The Celts
Celtic Scotland and Wales
If the evidence for the Celts is illusive in England, it may become clearer in Scotland and Wales, traditionally considered Celtic nations.
Brochs
In the Shetland Islands are the largest and most mysterious monuments of Celtic Britain, which look like modern cooling towers but are 2,000 years old. They are called brochs, and there are 500 of them in Scotland. Most are now derelict, but Mousa Broch is still in one piece. This amazing stone tower is more than 40 feet (12.2 metres) high and built without an ounce of mortar.
Brochs were constructed to house single families. Interiors were divided into communal space, hearth and water tank, and they would have had timber furnishings. The entire landscape for miles about could be surveyed from the parapet at the top, and attackers could be seen coming from a long way off.
Brochs were built in Scotland between 600 and 200 BC – at the peak of Celtic expansion in Europe. They were obviously not built by barbarians, but if not, then by whom? It’s not clear. But standing on Mousa makes one thing plain: the sea was the highway of the Celtic world. The people living in Mousa Broch expected all visitors – friend or foe – to arrive by sea. The British Isles, surrounded by this ancient highway, was open to all comers.
Castell Henllys
War was a major feature of Celtic society in both Britain and Europe; fortifications were everywhere. The most obvious physical remains in Britain are hill forts – some huge like Maiden Castle in Dorset, but many quite small.
Castell Henllys in Pembrokeshire is a Celtic fortified settlement that has been fully excavated and rebuilt on the foundations of the original. The family clan who would have lived there were local gentry, and would have farmed an area of just a few square miles. According to archaeologist Phil Bennett, ‘To build a round house like the ones at Castell Henllys, you would have needed lots of resources. So the person who lived here would have been locally important.’
The Roman sources suggest that there was a tribe in this area called the Demetae. But the fact that so many individual forts are located close together suggests that there probably wasn’t any centralised leadership. Instead this was likely to have been a clan-based society rather than a tribal one.
One of the most dramatic features at Castell Henllys was the placing of rocks to slow down attackers to the fort. Called a cheval-de-frise (literally ‘Frisian horse’), it consists of a series of small stones set on end, almost like an Iron-Age tank trap. If you did manage to attack through it, you’d get another nasty surprise: a huge hoard of stones for slingshots was found by the main gate. Masses of such stones have been found on hill forts in the area – there were more than 2,000 in just one cache at Castell Henllys.
Many of the features of Celtic life practised at Castell Henllys and elsewhere were not chronicled by the Romans. We are told that the Celts were fearsome warriors, but they were farmers, too, growing wheat, barley, peas and beans.
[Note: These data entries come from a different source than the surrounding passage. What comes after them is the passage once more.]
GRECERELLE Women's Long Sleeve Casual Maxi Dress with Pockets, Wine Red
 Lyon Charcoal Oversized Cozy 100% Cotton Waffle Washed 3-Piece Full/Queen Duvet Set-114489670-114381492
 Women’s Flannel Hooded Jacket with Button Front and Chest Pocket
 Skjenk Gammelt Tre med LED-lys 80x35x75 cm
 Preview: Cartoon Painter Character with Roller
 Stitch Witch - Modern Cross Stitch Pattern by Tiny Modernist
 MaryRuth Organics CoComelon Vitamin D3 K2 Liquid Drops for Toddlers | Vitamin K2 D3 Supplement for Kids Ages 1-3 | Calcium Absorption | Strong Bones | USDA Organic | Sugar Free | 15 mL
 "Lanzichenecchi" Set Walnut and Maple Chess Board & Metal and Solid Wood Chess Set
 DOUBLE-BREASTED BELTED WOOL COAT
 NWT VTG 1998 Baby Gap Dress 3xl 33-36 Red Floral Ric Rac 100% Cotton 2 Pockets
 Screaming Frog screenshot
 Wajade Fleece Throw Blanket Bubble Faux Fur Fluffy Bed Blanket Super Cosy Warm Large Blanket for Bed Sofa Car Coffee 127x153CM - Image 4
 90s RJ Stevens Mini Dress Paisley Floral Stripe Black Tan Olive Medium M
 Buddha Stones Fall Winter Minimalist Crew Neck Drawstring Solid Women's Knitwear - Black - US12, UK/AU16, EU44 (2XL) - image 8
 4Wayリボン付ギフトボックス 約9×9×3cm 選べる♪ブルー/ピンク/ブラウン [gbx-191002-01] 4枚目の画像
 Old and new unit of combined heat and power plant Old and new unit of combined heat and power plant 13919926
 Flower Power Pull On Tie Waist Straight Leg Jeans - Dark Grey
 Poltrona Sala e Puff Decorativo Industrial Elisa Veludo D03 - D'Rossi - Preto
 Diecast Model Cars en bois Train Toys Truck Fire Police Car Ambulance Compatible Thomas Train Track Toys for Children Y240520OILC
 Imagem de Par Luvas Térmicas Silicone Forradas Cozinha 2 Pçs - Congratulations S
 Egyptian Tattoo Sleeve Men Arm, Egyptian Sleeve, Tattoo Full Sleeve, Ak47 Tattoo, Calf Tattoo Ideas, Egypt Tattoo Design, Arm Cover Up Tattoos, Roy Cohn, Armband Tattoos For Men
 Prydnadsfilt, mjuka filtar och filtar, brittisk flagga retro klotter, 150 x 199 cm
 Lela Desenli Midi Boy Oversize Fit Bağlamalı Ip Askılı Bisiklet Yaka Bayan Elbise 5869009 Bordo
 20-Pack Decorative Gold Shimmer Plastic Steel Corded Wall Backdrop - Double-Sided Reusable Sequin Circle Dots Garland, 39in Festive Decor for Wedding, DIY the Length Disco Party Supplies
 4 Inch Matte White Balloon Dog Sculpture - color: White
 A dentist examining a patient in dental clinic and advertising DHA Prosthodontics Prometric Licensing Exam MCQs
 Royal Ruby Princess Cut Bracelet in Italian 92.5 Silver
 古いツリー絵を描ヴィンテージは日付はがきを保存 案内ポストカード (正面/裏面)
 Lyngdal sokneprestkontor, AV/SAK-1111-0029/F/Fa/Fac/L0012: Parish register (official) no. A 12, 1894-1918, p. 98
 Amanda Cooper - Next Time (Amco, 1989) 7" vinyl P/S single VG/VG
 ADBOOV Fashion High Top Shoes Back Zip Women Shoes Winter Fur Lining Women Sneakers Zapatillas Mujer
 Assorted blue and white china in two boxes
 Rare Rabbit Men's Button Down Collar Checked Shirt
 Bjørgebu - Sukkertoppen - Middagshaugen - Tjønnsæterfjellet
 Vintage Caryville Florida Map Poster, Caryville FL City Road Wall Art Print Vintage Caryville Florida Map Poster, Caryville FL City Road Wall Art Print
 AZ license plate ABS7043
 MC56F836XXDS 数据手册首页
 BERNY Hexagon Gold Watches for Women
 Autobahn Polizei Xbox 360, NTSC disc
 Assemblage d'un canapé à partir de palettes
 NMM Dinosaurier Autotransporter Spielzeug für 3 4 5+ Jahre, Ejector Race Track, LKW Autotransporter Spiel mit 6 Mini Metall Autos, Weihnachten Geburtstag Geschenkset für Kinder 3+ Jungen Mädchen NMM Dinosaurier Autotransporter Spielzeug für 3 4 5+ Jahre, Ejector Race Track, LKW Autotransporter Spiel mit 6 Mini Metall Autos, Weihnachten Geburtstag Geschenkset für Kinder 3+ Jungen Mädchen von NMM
The practical iron tools they made, similar to ones that we use to this day, made Celtic agriculture highly efficient. In fact, grain production was so good that the British Celts exported wheat and barley to the Romans. Ironically this export trade made Britain an attractive target for Roman expansion.
Celtic language
The Celts had no written language to tell their tale. However, their spoken language is perhaps the biggest clue to their existence and it is alive today, handed down through countless generations of their descendants. Today two million people claim to speak a Celtic language, and the largest single number of regular speakers are Welsh.
According to Professor Patrick Sims-Williams of Aberystwyth University, ‘One language was spoken, with slight variations, over the whole of Britain, and it carried on into France as well.’
The professor believes that a tribe that we’ve already encountered in Yorkshire – the Parisii, who were responsible for the Wetwang chariot burials – are significant: ‘Exactly the same name occurs around Paris. Now some of these names may be the same without coming from the same people, but the ones known as Parisii in Yorkshire and France were both using chariot burial, so the French ones may actually be the same type of people who migrated.’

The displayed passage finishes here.